(Stored data)
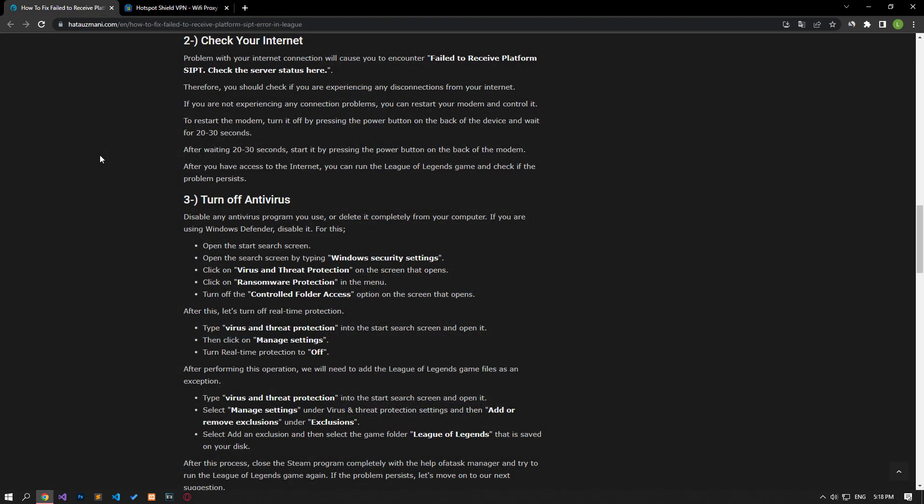The problem with your internet connection will cause you to encounter in-game connection problems. Therefore, you need to check if you are experiencing any disconnection on your internet. If you are not experiencing any connection problems, you can check by restarting your modem. To restart the modem, turn it off by pressing the power button on the back of the device and wait for 20 to 30 seconds. After waiting, turn it on by pressing the power button again. After you have access to the internet, you can run the League of Legends game and check if the problem persists.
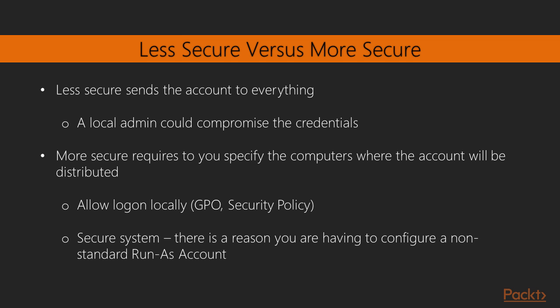The better way is the more secure way, which requires you to specify the computers where the account will be distributed. There's a couple things that happens when this occurs. First off, Operations Manager will run a test to see if the account can log on locally. So before distribution, either using a group policy object or the local security policy, you will want the account to be allowed to log on locally. This will prevent future alerts coming up because the account can't do that.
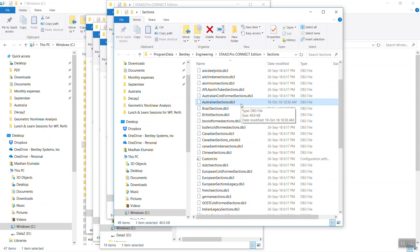So only one person can do this update of the section database so that everyone can use the same section. Thank you.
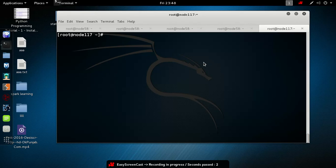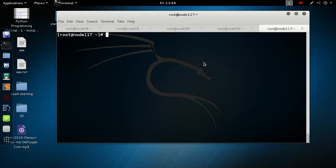Hello everyone, this is Farad Agar and in this tutorial we will learn LVM — how to configure an LVM. Basically, LVM is a logical volume manager.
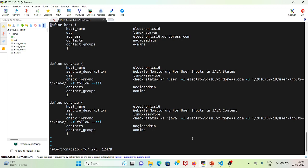The arguments are separated by an exclamation mark separator: -r for the regex, -i for the IP address, the URI to follow, then -f to follow that link, and --ssl because it's an HTTPS website. Similarly, for the next service description checking for Java content, we have the check command as check_status with -s string java, followed by the same set of arguments.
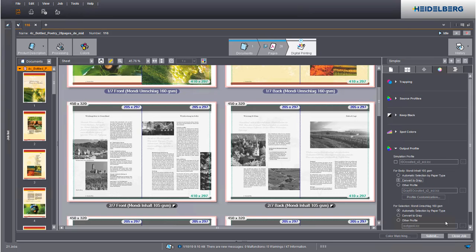We have now defined all relevant settings and we can submit the job to the press.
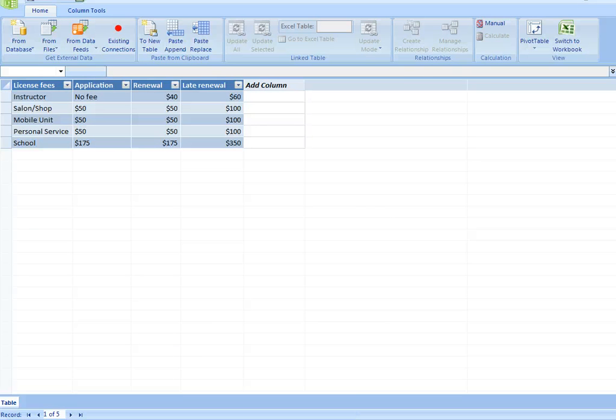Those two options — paste append and paste replace — are both very flexible options for keeping your copy-and-pasted data refreshed in Gemini. We find them pretty useful.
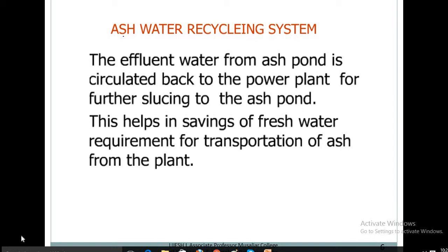Ash water recycling system: The effluent water from the ash ponds is circulated back to the plant for further sluicing to the ash ponds. This helps in saving fresh water requirements for transportation of ash from the plant.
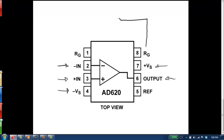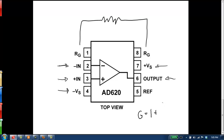We have two pins on this particular amplifier labeled RG, and that means that if we connect a resistor across them, that allows us to set the amplification for the instrumentation amp. For this particular amp, the formula is: gain equals 1 plus 49.4 kilohms over RG. So you can figure out what gain you want, put it into this equation, solve for RG, put RG into your circuit, and you end up with the gain.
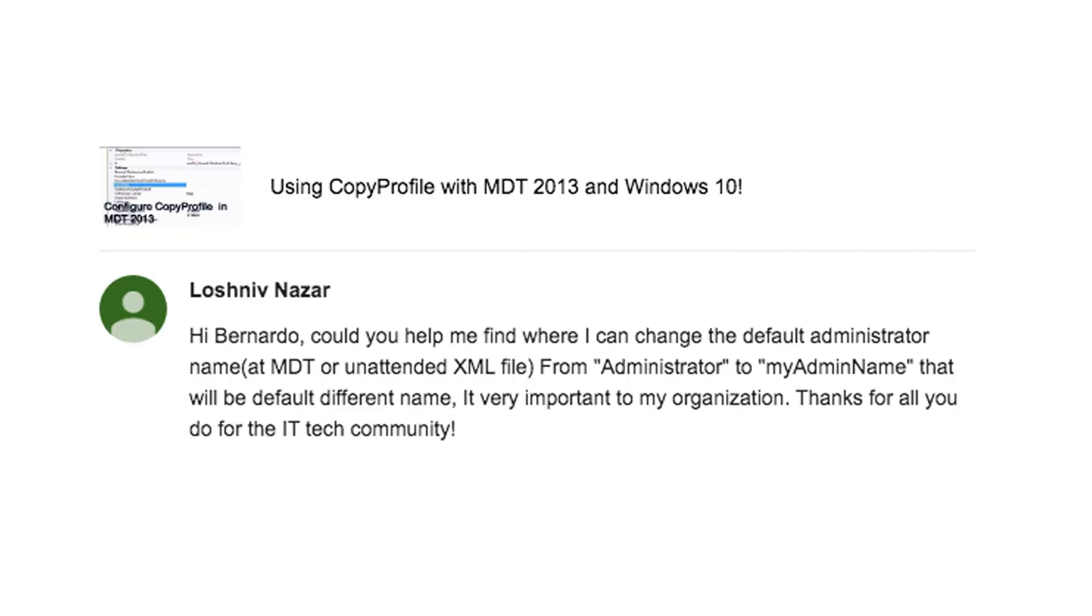You could also do it within SCCM. The reason that I'm doing this video is because one of you guys actually left a comment on one of my videos and they wanted to know how to change the default administrative name to something else.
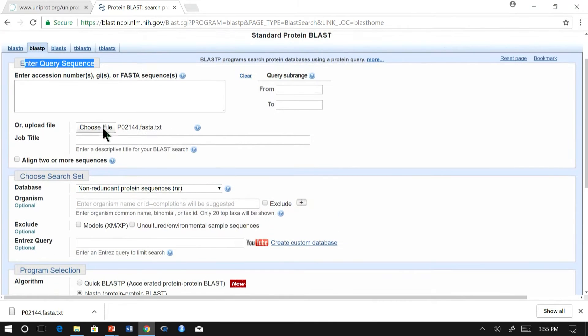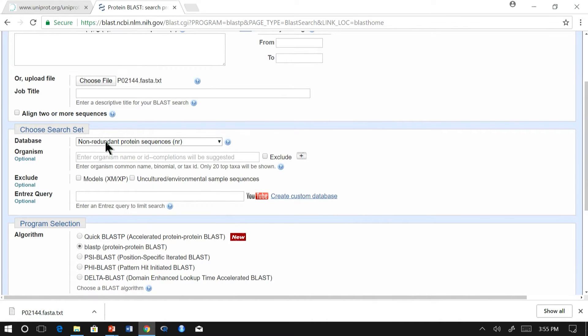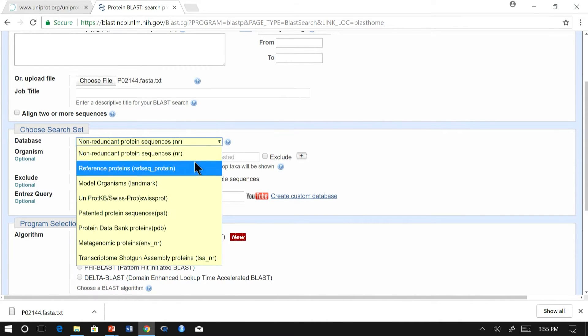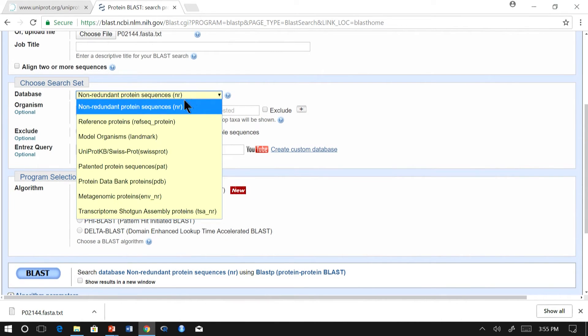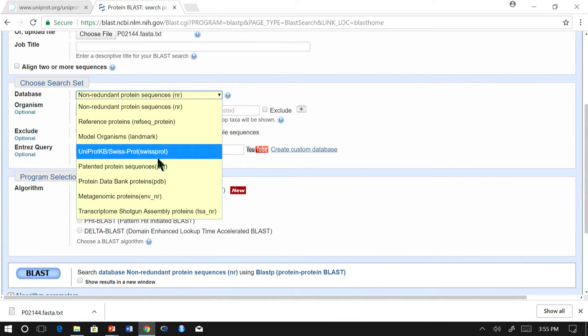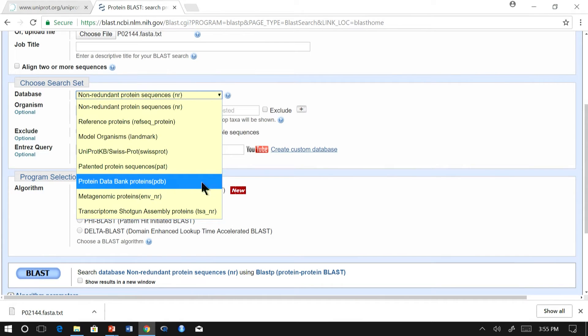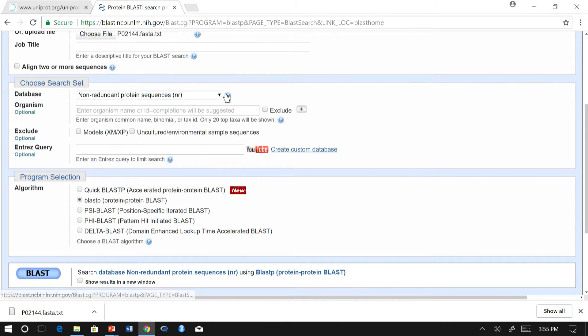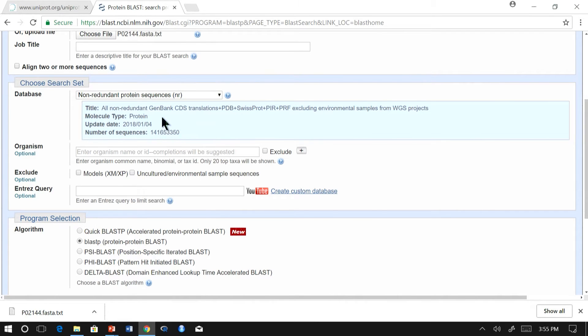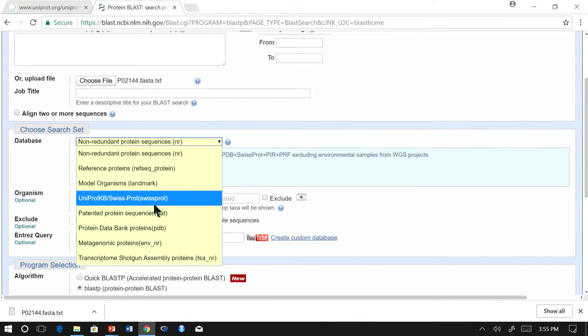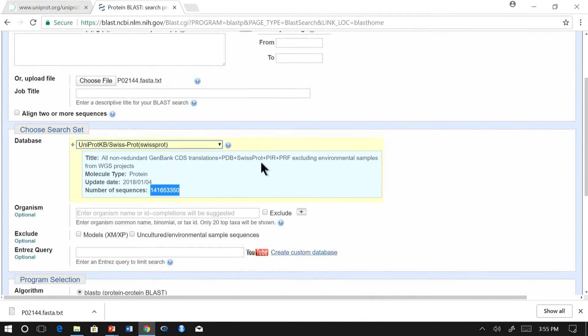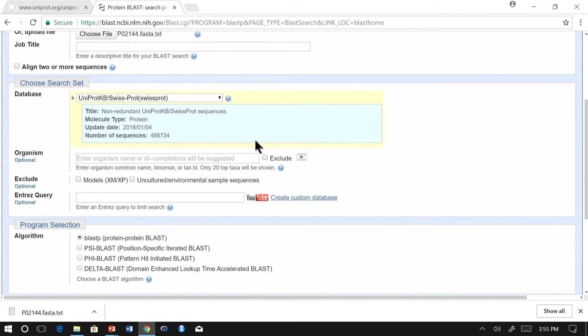Now that I have chosen the query sequence, let me choose the target sequence. There are different target databases here: NR, UniProt, RefSeq, SwissProt, PDB, etc. If you are confused about the databases, just click on the help. You will get the details about the database and the number of sequences which are there. I will choose UniProt because it contains reviewed sequences and number of sequences will be very less.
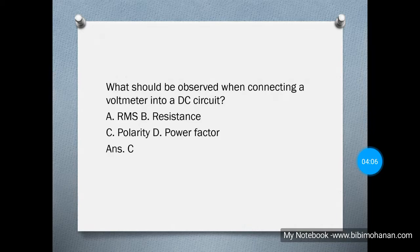When connecting a voltmeter into a DC circuit, what should be observed? We mainly need to observe the polarity — we need to check the positive and negative terminals. So the answer is option C: polarity.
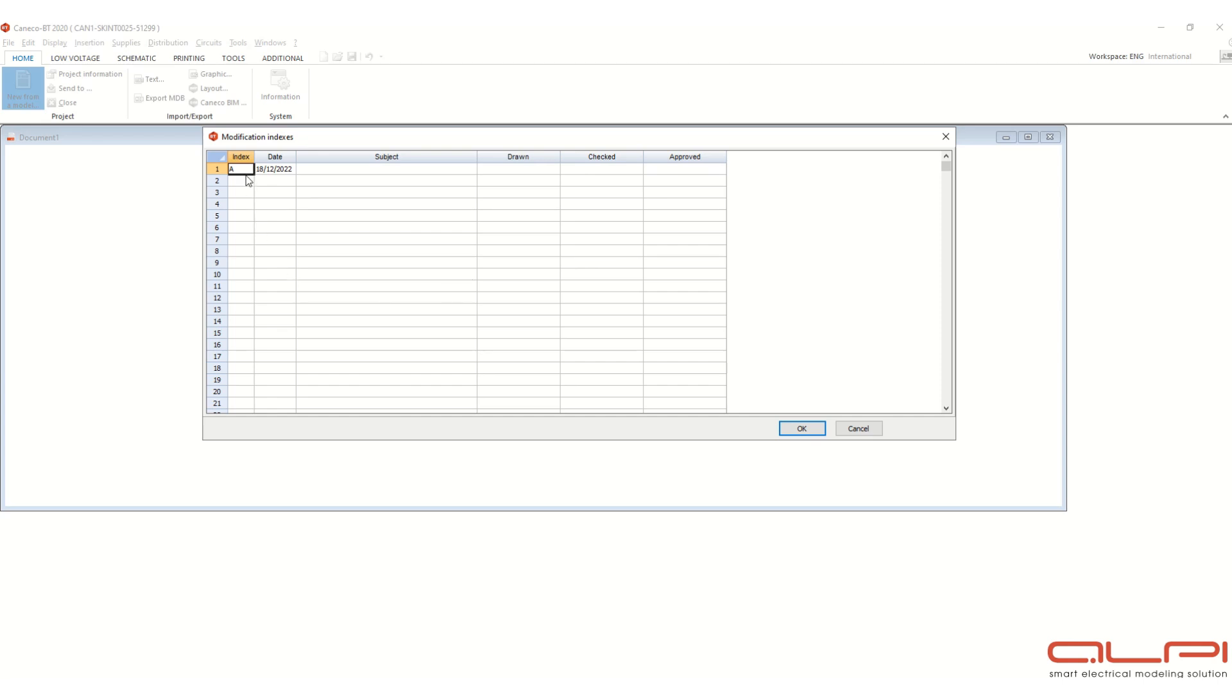And when you will click OK, then this type of screen will appear. And this will be the starting of modeling the single line diagram for running the cable sizing calculation. So in the next lesson, we will see how to model the single line diagram and to calculate the cable sizing and output results. Thank you.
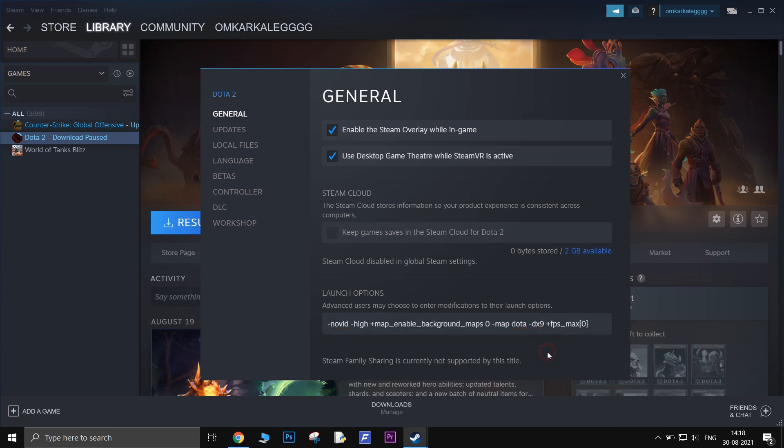Next is +fps_max. This launch option sets the maximum FPS that users want for Dota 2. Place zero inside those brackets so that it will remove any FPS limit from the game.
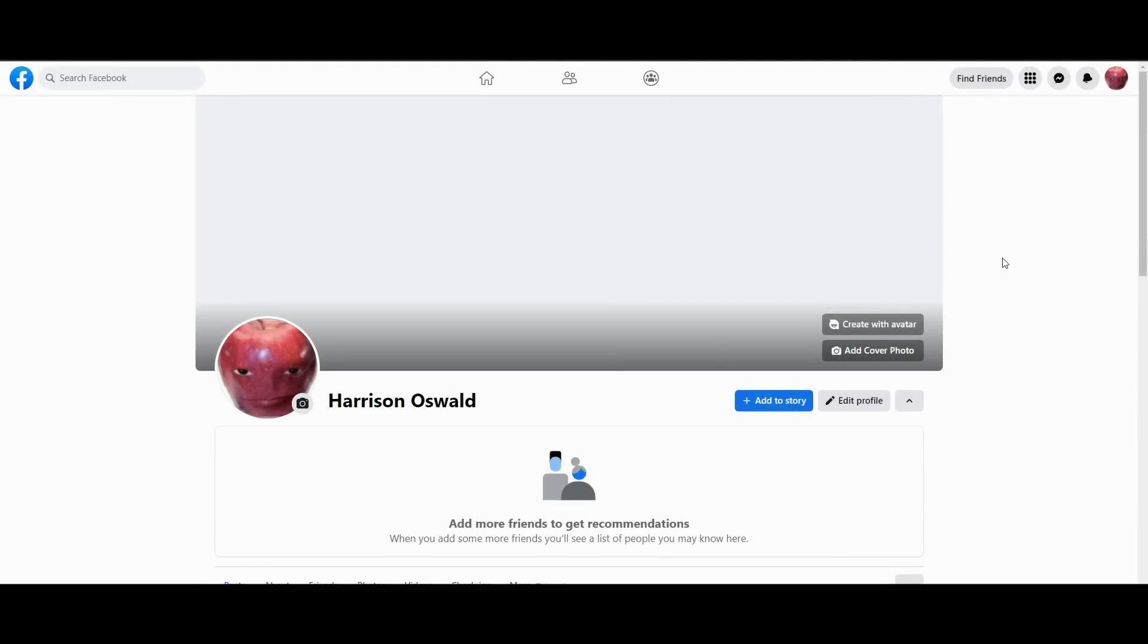Hey guys, how's it going? Today I'm going to show you how you can change your Facebook name. As you can see now, my Facebook name is Harrison Oswald, so I want to go ahead and change that.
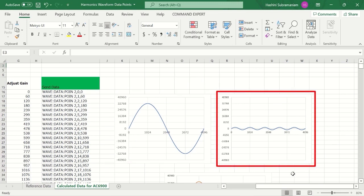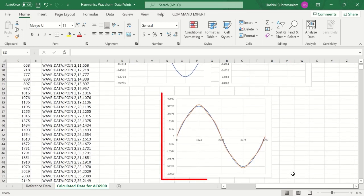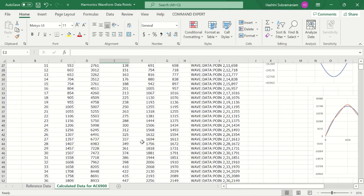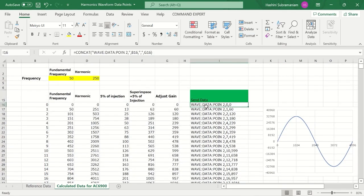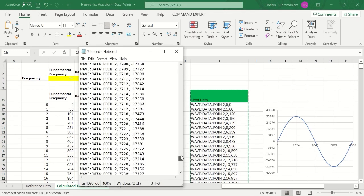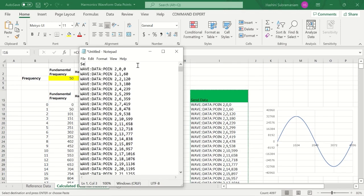The second waveform shows the fifth harmonic, while the third shows the superimposed waveform which will be viewed on the power analyzer later. Next, save the waveform points in a text file and note the directory.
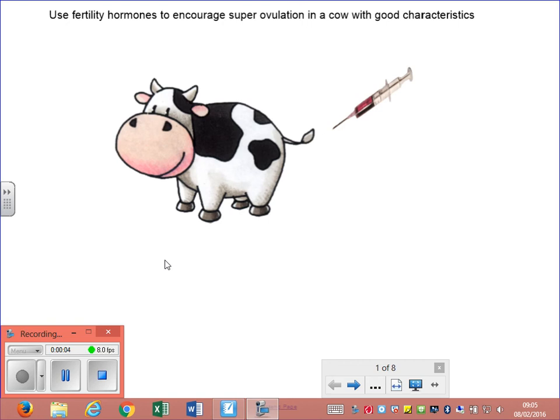Embryo cloning. It's different from adult cell cloning. In adult cell cloning, you're trying to clone an organism that is already in existence with characteristics that you would like to have.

#### [Task description]
Copy, word for word, the entries above from the first line to the line that holds "Hello everyone, this". Drop the pictures.

#### [Answer to this exercise]
The problem with your internet connection will cause you to encounter in-game connection problems. Therefore, you need to check if you are experiencing any disconnection on your internet. If you are not experiencing any connection problems, you can check by restarting your modem. To restart the modem, turn it off by pressing the power button on the back of the device and wait for 20 to 30 seconds. After waiting, turn it on by pressing the power button again. After you have access to the internet, you can run the League of Legends game and check if the problem persists.
The better way is the more secure way, which requires you to specify the computers where the account will be distributed. There's a couple things that happens when this occurs. First off, Operations Manager will run a test to see if the account can log on locally. So before distribution, either using a group policy object or the local security policy, you will want the account to be allowed to log on locally. This will prevent future alerts coming up because the account can't do that.
So only one person can do this update of the section database so that everyone can use the same section. Thank you.
Hello everyone, this is Farad Agar and in this tutorial we will learn LVM — how to configure an LVM. Basically, LVM is a logical volume manager.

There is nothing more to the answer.